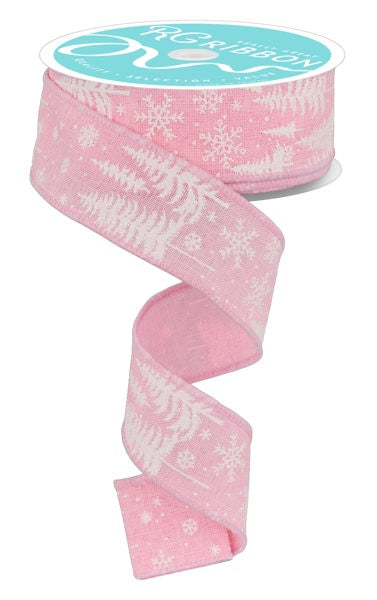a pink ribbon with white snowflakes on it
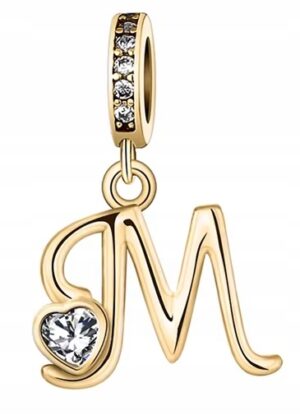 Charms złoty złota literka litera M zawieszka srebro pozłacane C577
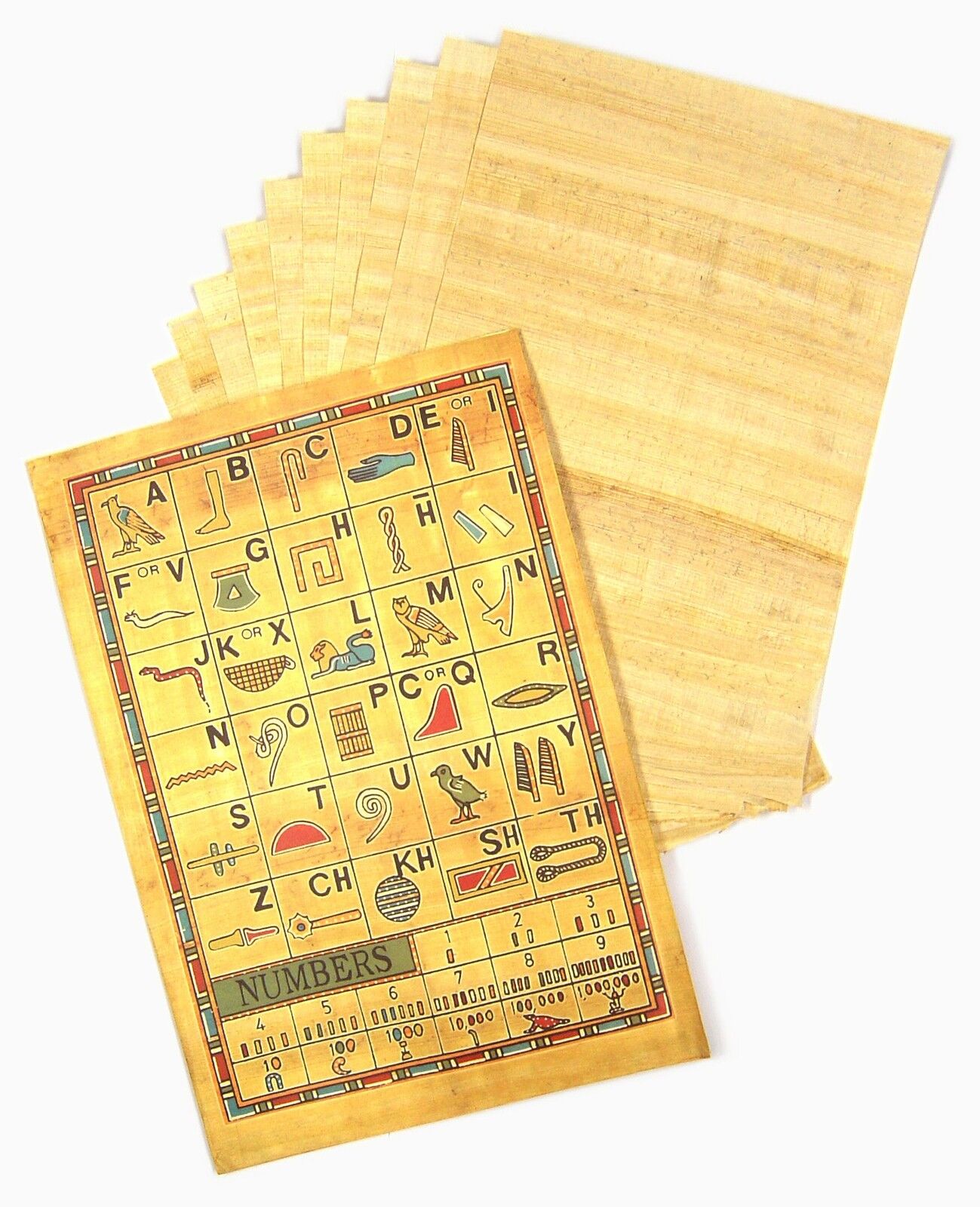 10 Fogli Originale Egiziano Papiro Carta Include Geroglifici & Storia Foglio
---
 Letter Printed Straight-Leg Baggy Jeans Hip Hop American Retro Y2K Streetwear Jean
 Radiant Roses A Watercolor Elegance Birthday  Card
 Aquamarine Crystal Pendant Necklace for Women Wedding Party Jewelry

Work task: Among the entries above, copy exactly only the lines starting with the one containing "Letter Printed Straight-Leg" and going through the one containing "Aquamarine Crystal Pendant", both ends included.

Answer space:
 Letter Printed Straight-Leg Baggy Jeans Hip Hop American Retro Y2K Streetwear Jean
 Radiant Roses A Watercolor Elegance Birthday  Card
 Aquamarine Crystal Pendant Necklace for Women Wedding Party Jewelry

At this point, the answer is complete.